_Material shown:_
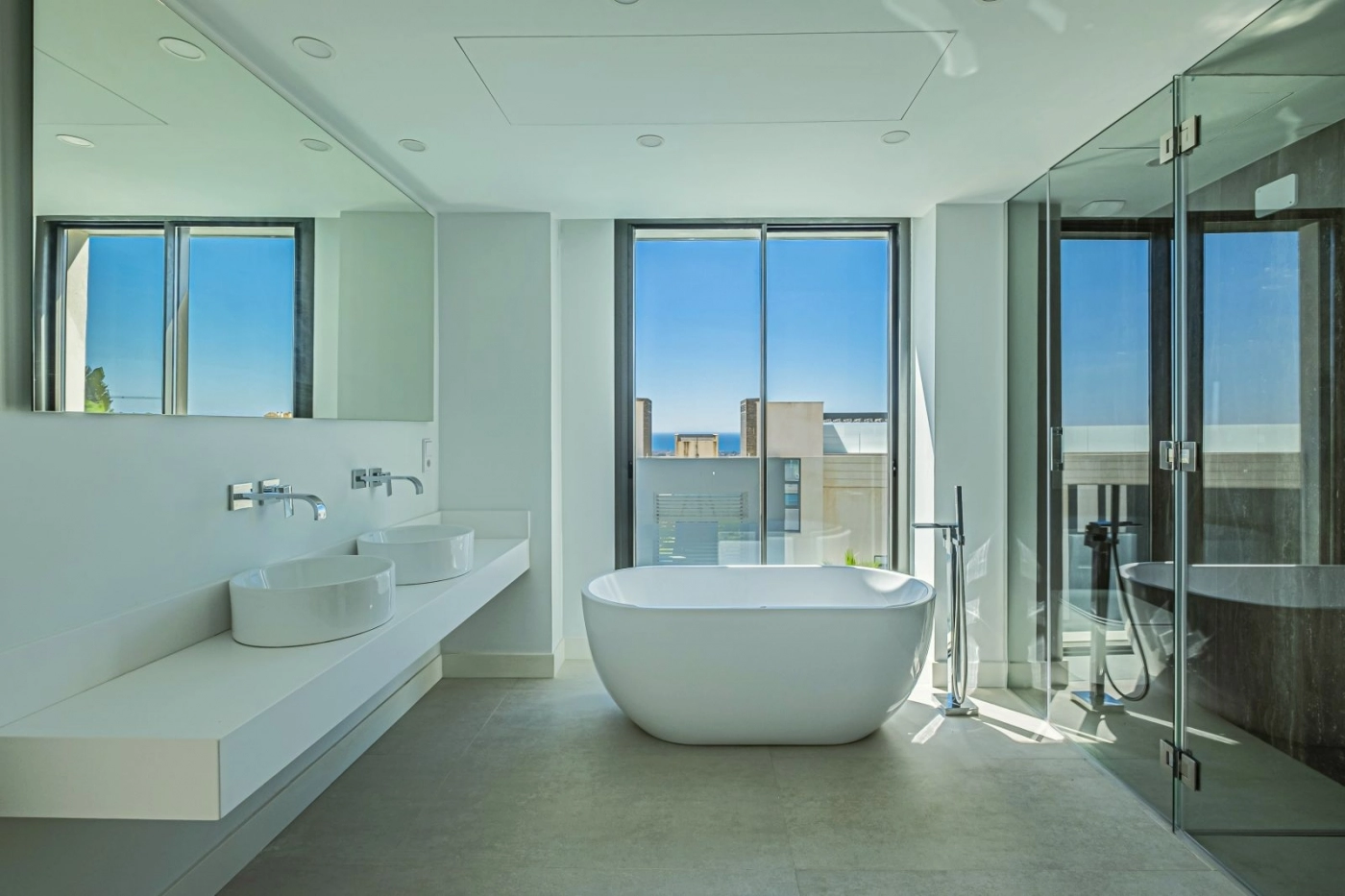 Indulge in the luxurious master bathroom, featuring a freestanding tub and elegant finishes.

...

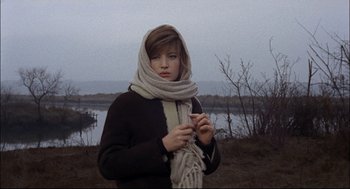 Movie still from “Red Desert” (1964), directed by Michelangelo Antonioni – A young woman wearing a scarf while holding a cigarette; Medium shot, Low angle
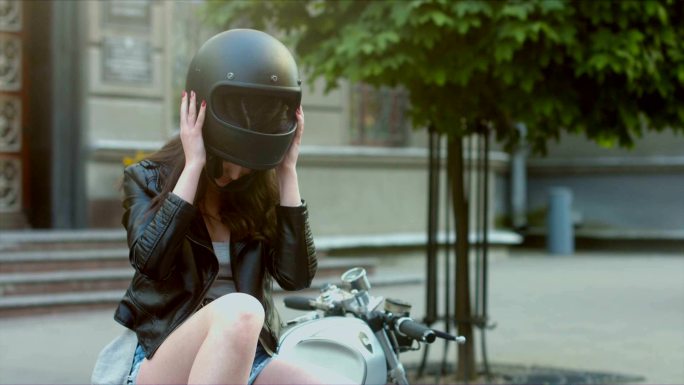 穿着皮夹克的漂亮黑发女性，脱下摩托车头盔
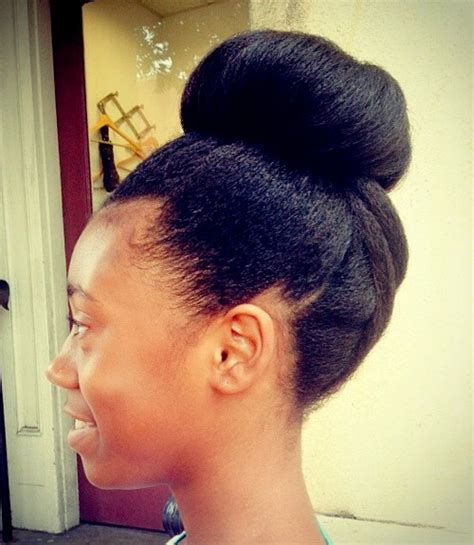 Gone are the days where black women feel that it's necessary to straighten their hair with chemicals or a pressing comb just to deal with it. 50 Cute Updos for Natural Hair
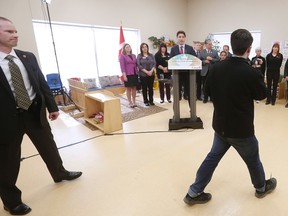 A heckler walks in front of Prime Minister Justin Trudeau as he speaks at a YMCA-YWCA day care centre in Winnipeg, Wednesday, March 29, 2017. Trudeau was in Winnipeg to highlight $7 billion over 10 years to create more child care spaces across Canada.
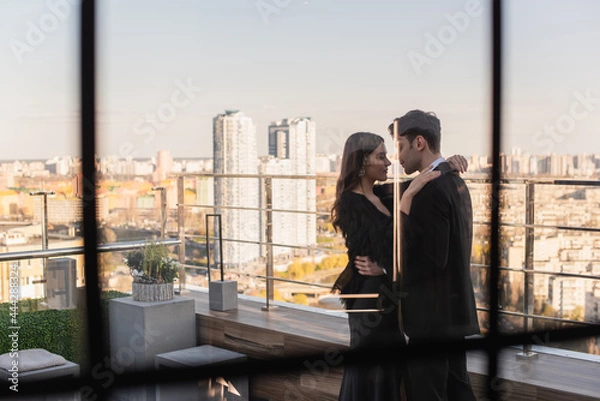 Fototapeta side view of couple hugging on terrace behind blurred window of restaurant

_Directions for this task:_ Among the records above, locate the line containing "A heckler walks" and the line containing "Fototapeta side view", then transcribe exactly the lines starting at the first and ending at the second, with no pictures.

_Written solution:_
 A heckler walks in front of Prime Minister Justin Trudeau as he speaks at a YMCA-YWCA day care centre in Winnipeg, Wednesday, March 29, 2017. Trudeau was in Winnipeg to highlight $7 billion over 10 years to create more child care spaces across Canada.
 Fototapeta side view of couple hugging on terrace behind blurred window of restaurant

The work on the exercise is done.